OpenAI has shelved its contentious intention to become a for-profit firm under rising pressure from opponents. It will continue to be governed by its original nonprofit board, according to CEO Sam Altman.
“We made the decision for the nonprofit to stay in control after hearing from civic leaders and having discussions with the offices of the Attorneys General of California and Delaware,” Altman wrote in an official OpenAI blog post announcing the latest restructuring decision.
Since his brief but contentious dismissal from the renowned AI research lab in November 2023—a move that rocked Silicon Valley—Altman has been suggesting revisions to OpenAI’s organizational structure, which started off as a nonprofit. Elon Musk, a co-founder of OpenAI and the CEO of Tesla, has previously criticized the firm and even sued to halt the plan, claiming Altman put expansion ahead of the lab’s initial goal of developing technology for the sake of humanity. Musk is currently in charge of xAI, OpenAI.
Altman revealed intentions in December to restructure it into a public benefit organization. The decision at the time sparked questions about whether it would provide its nonprofit arm enough funding and whether it would result in more corporate power.
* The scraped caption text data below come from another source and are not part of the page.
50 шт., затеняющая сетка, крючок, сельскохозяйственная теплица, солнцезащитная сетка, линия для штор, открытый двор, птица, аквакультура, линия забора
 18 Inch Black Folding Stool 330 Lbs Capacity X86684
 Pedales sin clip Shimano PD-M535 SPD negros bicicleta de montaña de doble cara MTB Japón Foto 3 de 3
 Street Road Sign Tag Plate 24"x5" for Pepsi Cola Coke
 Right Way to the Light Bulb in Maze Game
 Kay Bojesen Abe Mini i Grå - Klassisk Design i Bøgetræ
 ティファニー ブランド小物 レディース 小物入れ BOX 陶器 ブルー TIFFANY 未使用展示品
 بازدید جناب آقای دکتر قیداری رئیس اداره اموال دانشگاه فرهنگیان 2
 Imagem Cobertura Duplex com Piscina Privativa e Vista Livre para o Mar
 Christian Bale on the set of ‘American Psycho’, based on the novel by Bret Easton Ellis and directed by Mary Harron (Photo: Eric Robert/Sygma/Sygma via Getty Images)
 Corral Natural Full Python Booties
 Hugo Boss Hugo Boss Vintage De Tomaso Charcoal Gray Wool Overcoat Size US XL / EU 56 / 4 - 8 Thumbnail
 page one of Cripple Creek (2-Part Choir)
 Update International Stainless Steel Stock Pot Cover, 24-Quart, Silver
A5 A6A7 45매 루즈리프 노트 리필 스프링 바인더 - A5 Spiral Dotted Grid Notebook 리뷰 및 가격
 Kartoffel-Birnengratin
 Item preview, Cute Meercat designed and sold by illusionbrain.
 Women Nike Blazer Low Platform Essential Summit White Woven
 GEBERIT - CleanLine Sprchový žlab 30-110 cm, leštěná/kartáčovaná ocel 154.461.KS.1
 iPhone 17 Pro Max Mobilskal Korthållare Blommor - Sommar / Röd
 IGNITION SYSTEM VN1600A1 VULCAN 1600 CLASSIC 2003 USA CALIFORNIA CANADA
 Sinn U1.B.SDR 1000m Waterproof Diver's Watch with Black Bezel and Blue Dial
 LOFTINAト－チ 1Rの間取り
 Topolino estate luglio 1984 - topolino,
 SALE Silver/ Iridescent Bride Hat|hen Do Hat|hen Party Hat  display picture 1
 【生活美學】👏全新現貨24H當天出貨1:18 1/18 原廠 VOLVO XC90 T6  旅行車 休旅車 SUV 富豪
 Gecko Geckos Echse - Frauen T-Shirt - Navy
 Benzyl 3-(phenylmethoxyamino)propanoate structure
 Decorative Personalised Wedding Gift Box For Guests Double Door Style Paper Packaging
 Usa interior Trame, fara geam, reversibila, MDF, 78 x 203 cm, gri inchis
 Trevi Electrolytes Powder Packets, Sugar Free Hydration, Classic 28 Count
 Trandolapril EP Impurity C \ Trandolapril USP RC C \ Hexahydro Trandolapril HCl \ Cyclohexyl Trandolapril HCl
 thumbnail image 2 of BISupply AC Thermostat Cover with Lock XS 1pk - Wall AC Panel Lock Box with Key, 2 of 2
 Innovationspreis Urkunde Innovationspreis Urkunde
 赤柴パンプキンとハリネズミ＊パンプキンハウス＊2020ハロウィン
However, as part of the most recent governance model, the nonprofit parent will continue to keep a significant stake in the public benefit company and maintain control over it.
“The nonprofit will control and also be a large shareholder of the PBC, giving the nonprofit better resources to support many benefits,” the announcement said.
Last September, OpenAI first attempted to reorganize its main operations into a for-profit benefit corporation, which would be independent of its nonprofit board.
If the suggested modifications had been implemented, OpenAI would have been more appealing to investors and the lab’s organizational structure would have been more in line with that of a conventional business. That approach would have marked a dramatic shift from Altman’s previous position of forgoing stock in accordance with OpenAI’s humanitarian objective by giving him shares for the first time, allegedly about 7 percent.
It’s unclear if investors in particular will be placated by OpenAI’s new reorganization plan. SoftBank, a Japanese giant, gave $30 billion directly to OpenAI in March, securing $40 billion in investment. But there was a twist to the fresh funding infusion: if OpenAI didn’t reorganize into a completely for-profit company by the end of 2025, SoftBank would cut its contribution by $20 billion.
In a recent fundraising round spearheaded by SoftBank, Microsoft-backed OpenAI was valued at $300 billion.